Do you know what a kami is? In Shinto belief, kami are a kind of spiritual deity and there are virtually billions of them. A mountain, a river, or a tree can be a kami, then they are local deities. But there are also great kami worshiped in many places, such as Inari Okami. Shrines all over Japan are dedicated to her. Nogi Shrine is a bit of a peculiarity, though, as the great kami enshrined within was an actual living, breathing person: General Maresuke Nogi, who committed seppuku, ritual suicide by self-disembowelment, on the 13th September of 1912.
A Rendez-Vous with General Nogi, the Last Samurai
Are you getting a slight idea why I mentioned the “real last samurai” in the title of this article? Seppuku, sometimes called hara-kiri, is the true samurai way of dying, done to pass with honor, an atonement for one’s mistakes and failures, and sometimes even carried out as punishment.
In General Nogi’s case, it was not just seppuku, it was junshi – the act of following one’s master into death. His master was Emperor Meiji, and the 13th September was the day of his funeral. When the casket of the deceased Emperor left the palace for the funeral procession, the General and his wife, Shizuko Nogi, ended their lives in their home in Tokyo.
Having this history in mind and knowing that the shrine was dedicated to General Nogi, I stepped up to the offering box, tossing in a coin before bowing twice and clapping twice to pray. In the brief moment of silence, the time when you directly address the kami, I couldn’t help but wonder what to ask of General Nogi.

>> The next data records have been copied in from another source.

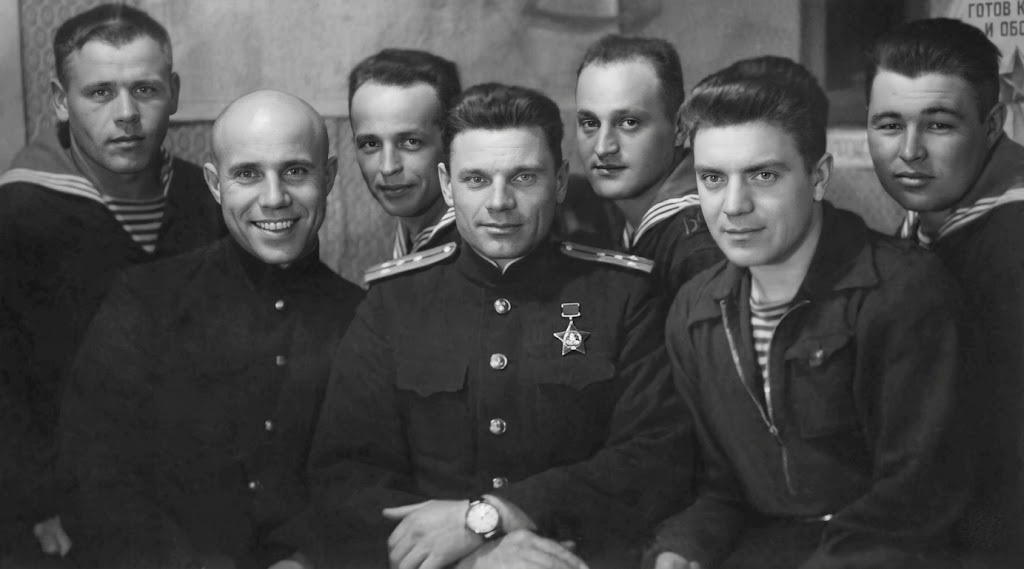 Борис Барков с боевыми товарищами. Май 1943 года. Фото из архива Петра Добролюбова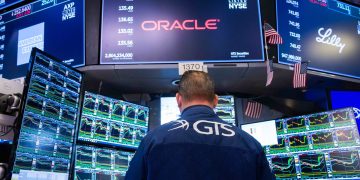 Stocks making the biggest moves midday: ORCL, JBL, PSKY, TPL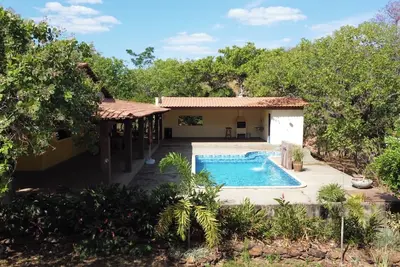Image de Super-equipped farmhouse, close to the city with swimming pool and hot tub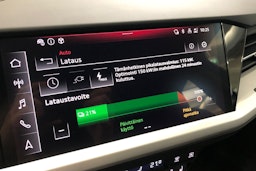 met. sininen Audi Q4 e-tron 2025 kuva 15.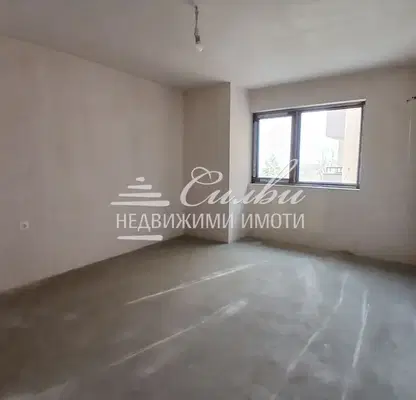 Photo 5 — 3-bedroom apartment in Shumen, Dobrudjanski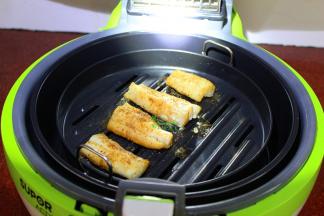 烤至15分钟的时候，撒一点五香粉粉，继续烤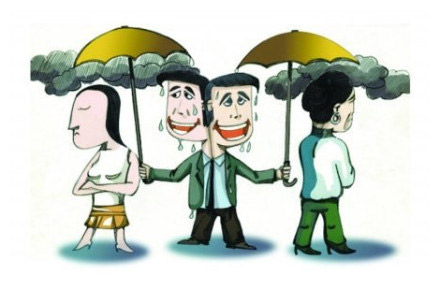 婆婆半夜入室親吻兒子 媳婦哭訴：以后日子咋過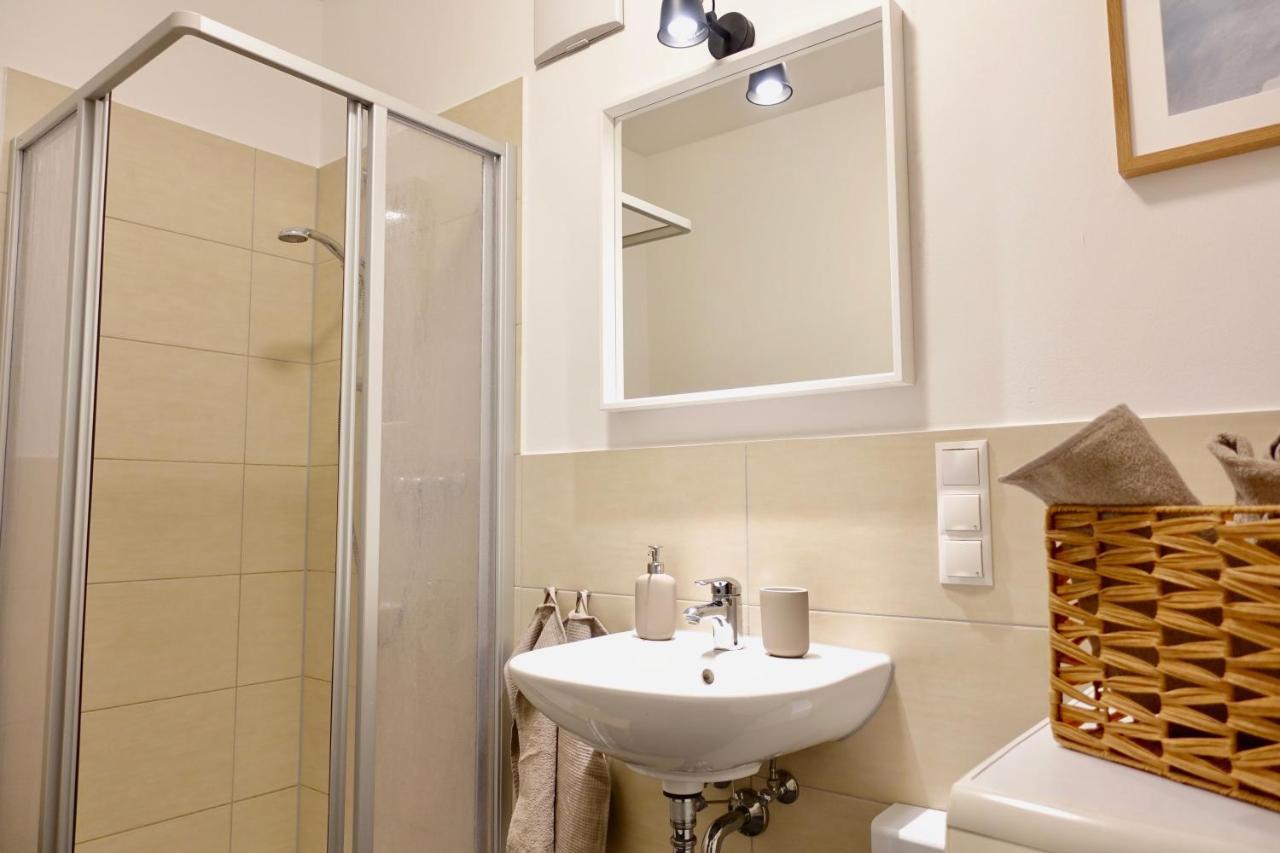 Neu - Gemuetliches Und Modernes Apartment Mit Stellplatz Koblenz  Exteriör bild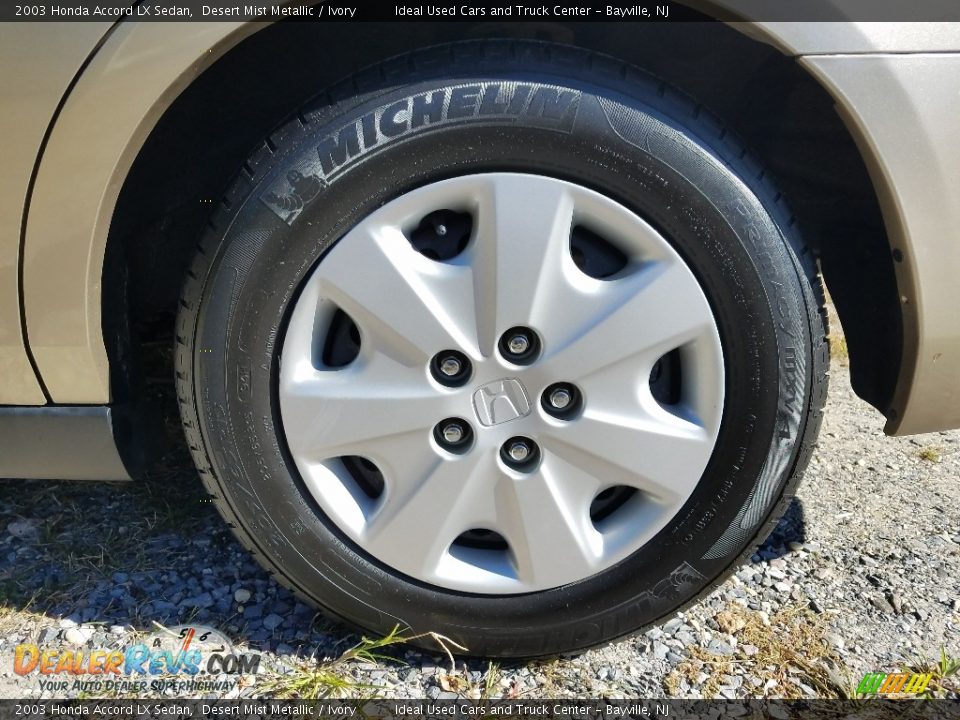 2003 Honda Accord LX Sedan Desert Mist Metallic / Ivory Photo #23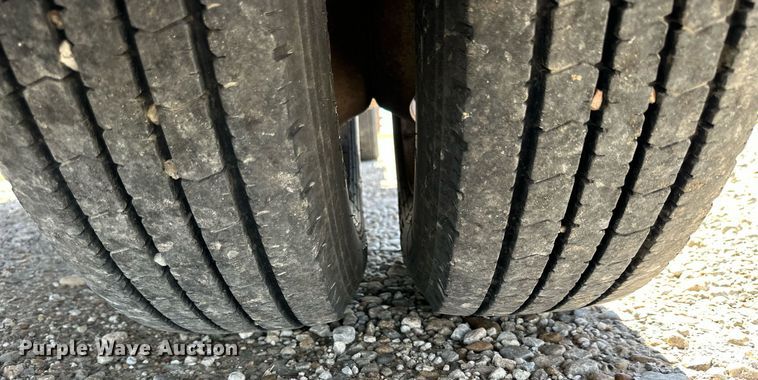 image for item NP9698 1999 Ford F550  flatbed truck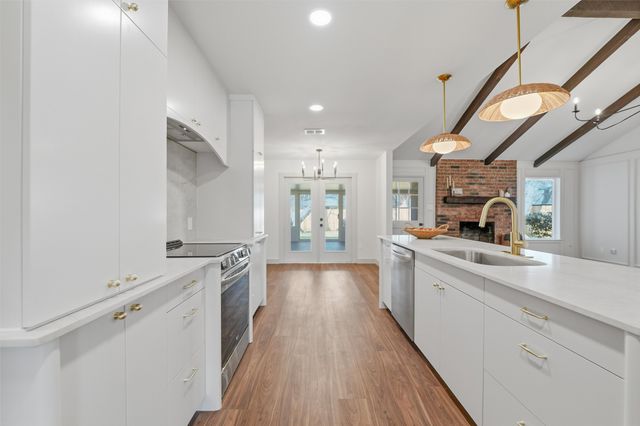 2822 Wentwood Drive, Grapevine, TX 76051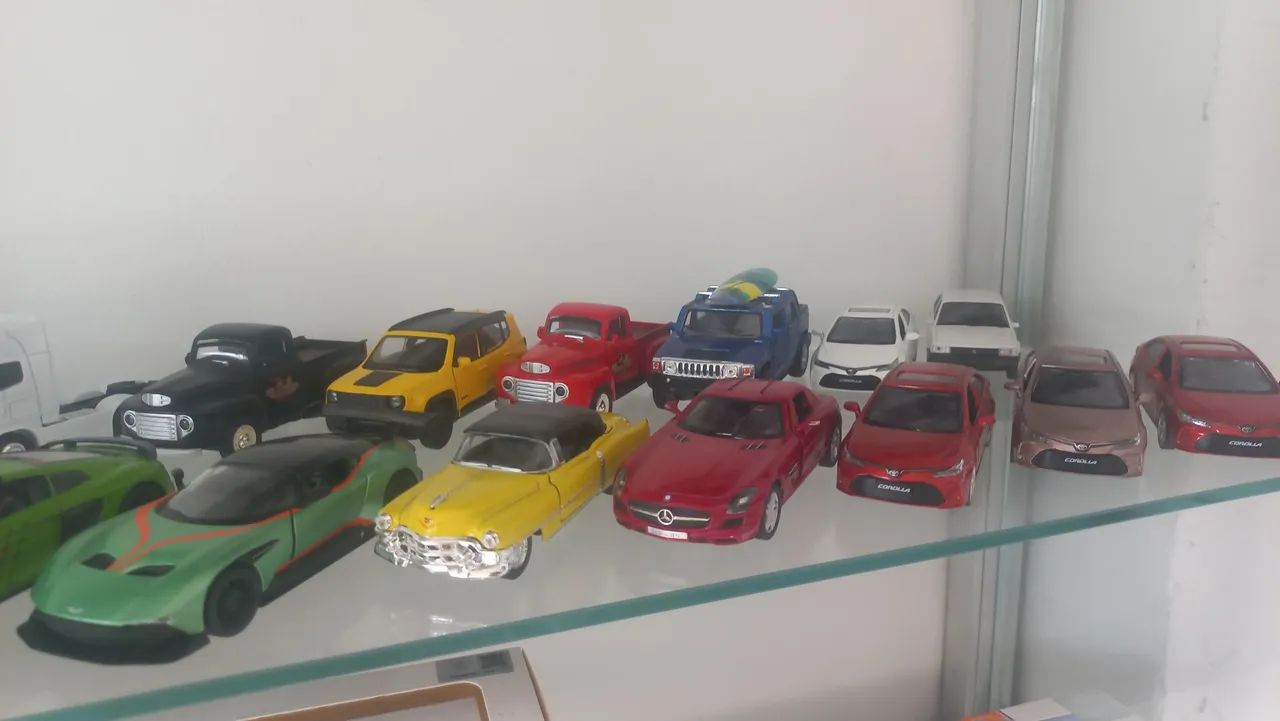 Miniaturas de Carros 1:43 a 1:36 a unidade  - Foto 2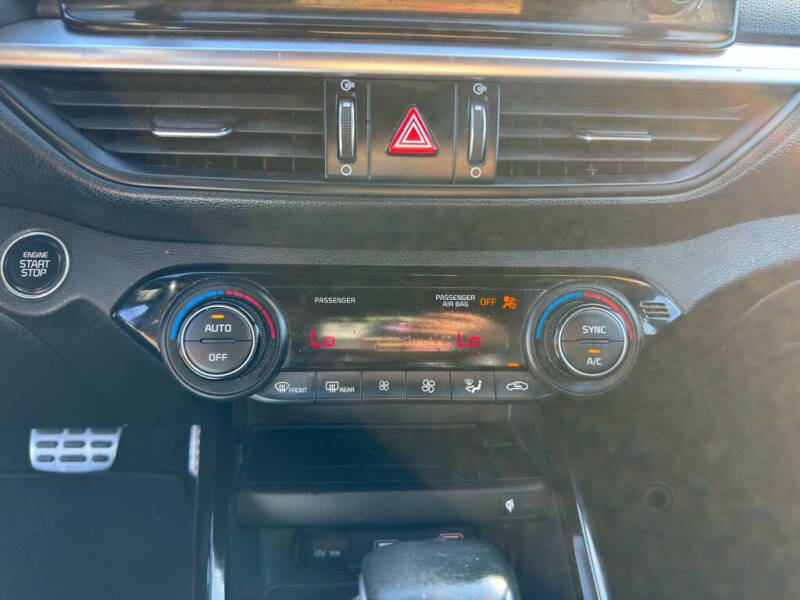 2022 Kia Forte GT Line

How to Become a Kami: Atonement and Conviction
Nogi’s death was interpreted in many ways, while his own suicide note talked about atonement for the various mistakes he had made during his military career. One of the most prominent being the high losses at the Siege of Port Arthur. It was the battle that ended the Russo-Japanese War in 1905 in Japan’s favor and although General Nogi won the battle, it had cost about 15,400 Japanese soldiers their life – a number that he made himself responsible for.
There have been numerous people who have committed seppuku or junshi, so what made Maresuke Nogi special? His ritual suicide was controversial. Many saw it as the ultimate act of loyalty, an important statement about upholding traditional values in a time where those played less and less of a role.
Others were shocked that a modern man of the Meiji era, committed an act that was outlawed as outdated by various feudal lords in the Edo period. This is why Maresuke Nogi has the unofficial nickname of the 'real' last samurai, having followed bushido, the samurai honor code, for his entire life – and even ending it in a way that hardly anyone in the early 20th century had expected.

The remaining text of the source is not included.